Tescil tarihinden itibaren en geç 15 gün içinde sonucu ilgili vergi dairesine bildirilmek üzere, intikal eden gayrimenkullerin tescil işlemi, veraset ve intikal vergisinin tahakkuku beklenmeksizin yapılır. Ancak intikali yapılan gayrimenkule isabet eden veraset ve intikal vergisi tamamen ödenmedikçe devir ve ferağı yapılamaz ve üzerinde herhangi bir ayni hak tesis edilemez...

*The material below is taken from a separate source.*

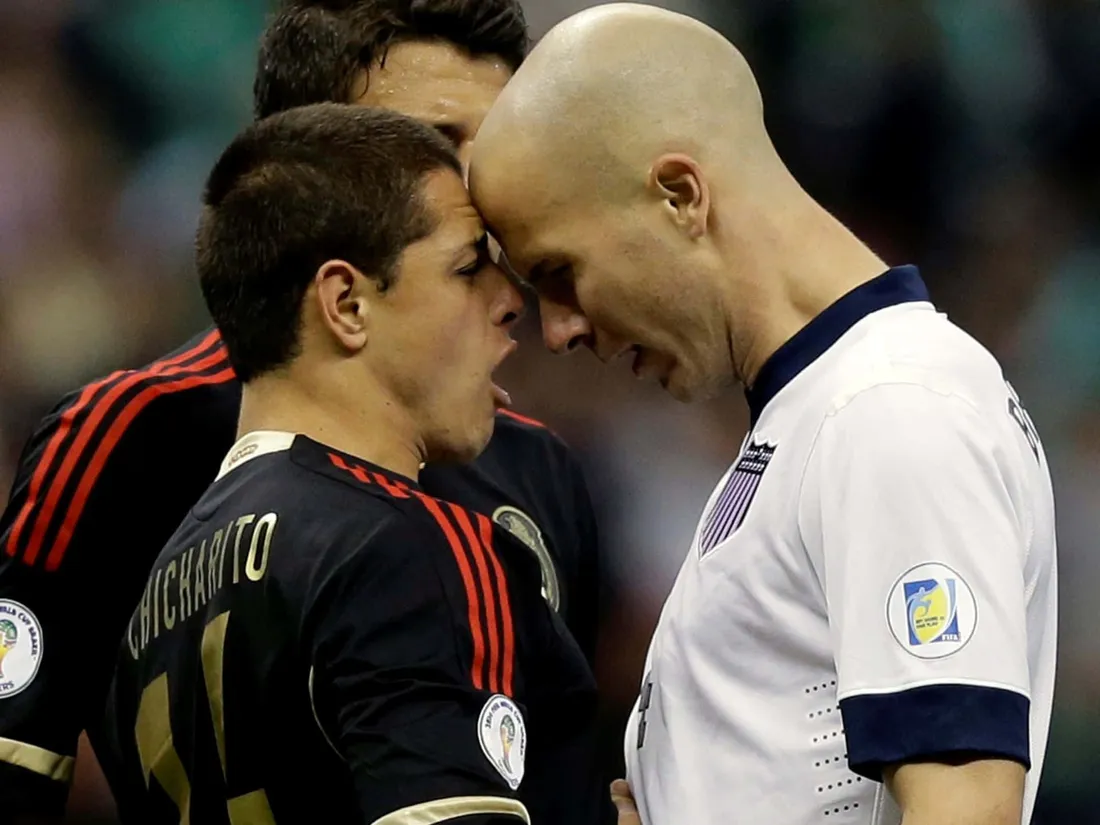 Michael Bradley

İncelediğimiz hükmü, eski hüküm ile karşılaştırdığımızda , hükmün intikal eden taşınmazlarda tescili kolaylaştıran bir düzenleme getirdiğini görmekteyiz. Her ne kadar düzenleme bir vergi yasasında yapılmış da olsa, hatta madde başlığı verginin ödenmesine ilişkin olarak ‘’Ödeme Zamanı’’ ifadesini içerse de, bu hüküm bir mali hükümden çok ayni haklara ilişkin bir düzenlemeyi içermektedir. Madde hükmü verginin ödenme zamanını değil intikal eden taşınmazlarda kişiler adına tescilin yapılma zamanını düzenlemektedir[18]. Dolayısıyla burada verginin yasallığı ilkesinin bir kanun hükmünde kararname ile ihlal edilmedi görülmektedir.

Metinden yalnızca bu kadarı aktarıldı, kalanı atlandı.